LAWS(CE)-2007-6-191

BILT INDUSTRIAL PACKAGING Vs. COMMISSIONER OF CENTRAL EXCISE

Decided On June 19, 2007
Bilt Industrial Packaging Appellant
V/S
COMMISSIONER OF CENTRAL EXCISE Respondents

JUDGEMENT

(1.) THE appellants were engaged in the manufacture of paper and paper board in their factory situate at Mettupalayam. They sold the factory to M/s. ITC Ltd. under a Deed of Conveyance dated 19.03.2004 and subsequently surrendered their Central Excise Registration Certificate for cancellation. Under the said Deed of Conveyance, the title to the entire immovable property including land, building, plant and machinery embedded to earth as also title to all movable capital goods in the factory stood transferred to M/s. ITC Ltd. Since the date of such transfer, M/s. ITC Ltd. are running the factory under their own licence. The appellants had taken capital goods credit totalling to Rs. 8,19,70,448/ - during the period from June, 2000 to March, 2004 and had already utilised the same prior to alienation of their factory. The department took the view that the above alienation of property by the appellants involved removal of the capital goods from their factory and, therefore, they were liable to pay an amount equivalent to the capital goods credit under Rule 3(4) of the CENVAT Credit Rules, 2002. Accordingly, in a show -cause notice, the department demanded the above amount from the appellants under Rule 3(4) ibid read with Section 11A of the Central Excise Act together with interest thereon under Section 11AB of the Act and also proposed to impose penalty on them under Rule 25 of the Central Excise Rules, 2002. The appellants filed written submissions with the Commissioner contesting the above demand on numerous grounds. In adjudication of the dispute, the Commissioner confirmed the demand of duty (with interest thereon) against the appellants and imposed on them a penalty of Rs. 50 lakhs. Hence the present appeal.

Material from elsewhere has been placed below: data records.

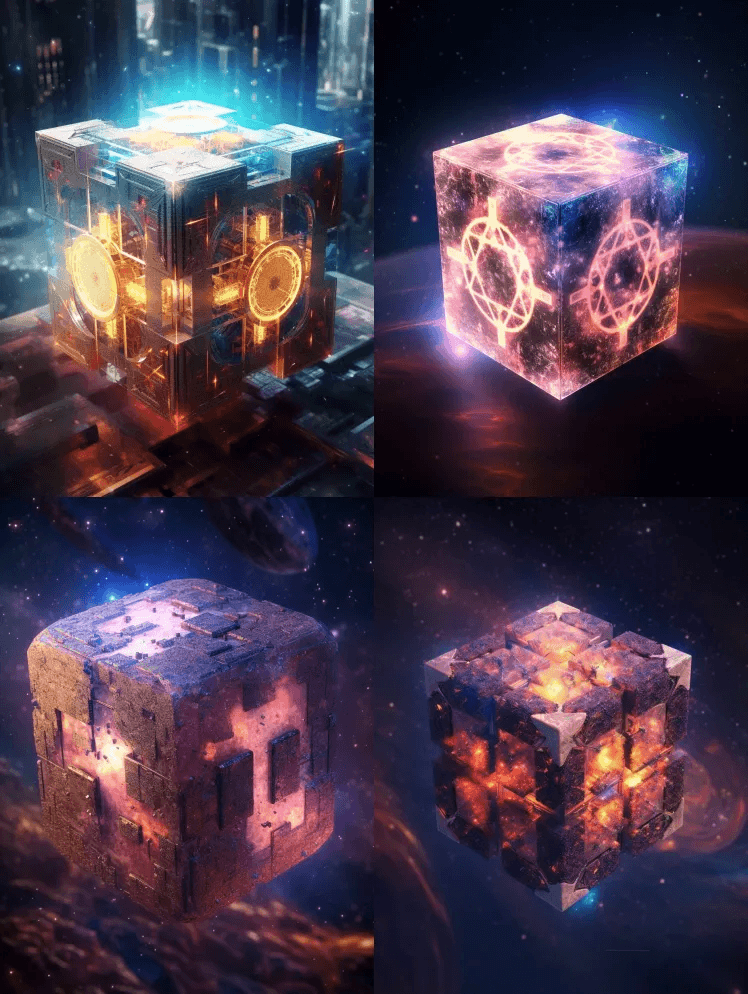 梅塔特隆的魔方作为一个无限的侧面骰子，抽 - Midjourney Prompt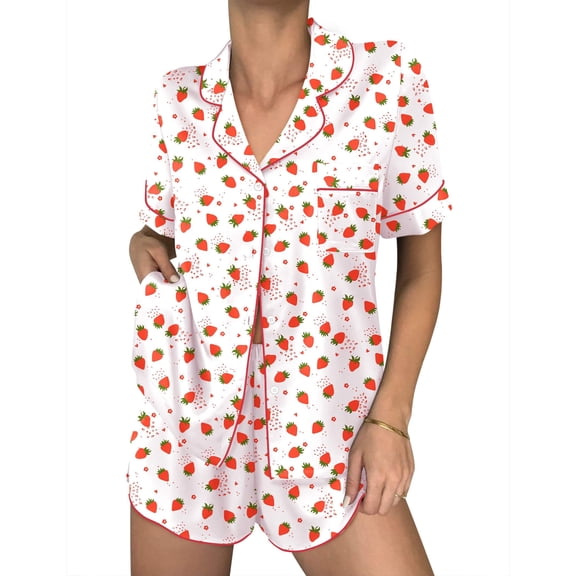 Ekouaer Womens Silk Satin Pajama Sets 2 Piece Button Down Silk Pjs Shorts Sets Cute Print Short Sleeve Sleepwear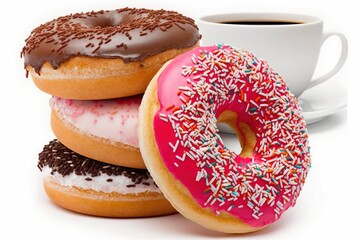 donut with sprinkles isolated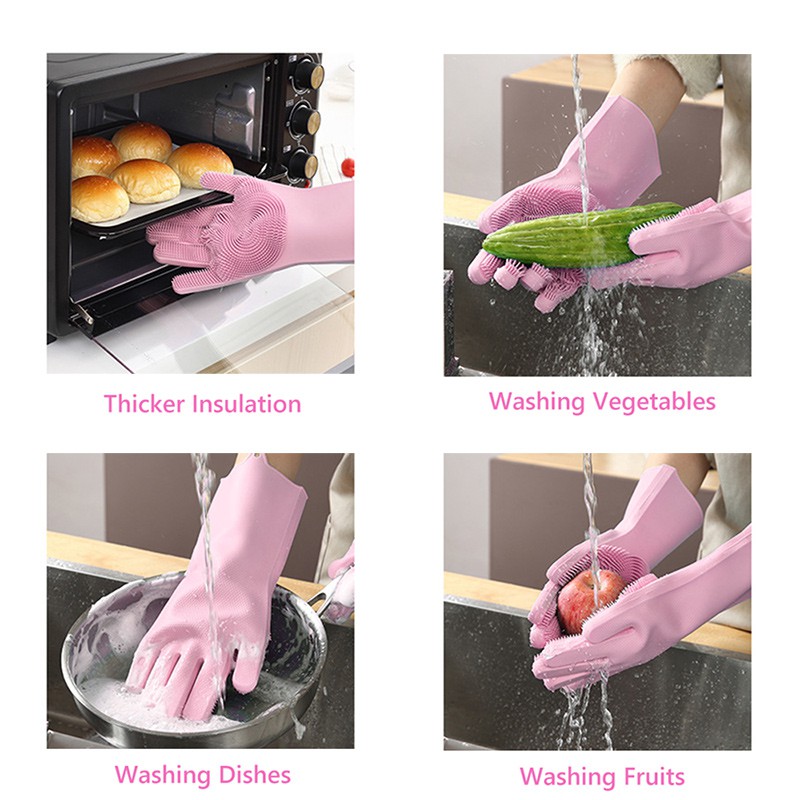 Perfin PFKL01 Sarung Tangan Cuci Piring Magic Silicone Cleaning Gloves Anti Panas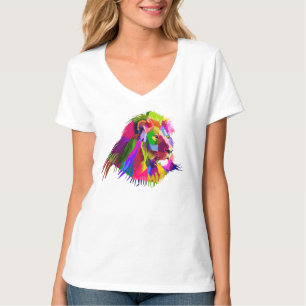 T-shirt Lion Head Prismatic Pop Art Design-62502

(2.) THE main challenge in this appeal is against the demand made under Sub -rule (4) of Rule 3 of the CENVAT Credit Rules, 2002 (CCR, for short), which reads as under: (4) When inputs or capital goods, on which CENVAT credit has been taken, are removed as such from the factory, the manufacturer of the final products shall pay an amount equal to the credit availed in respect of such inputs or capital goods and such removal shall be made under the cover of an invoice referred to in Rule 7.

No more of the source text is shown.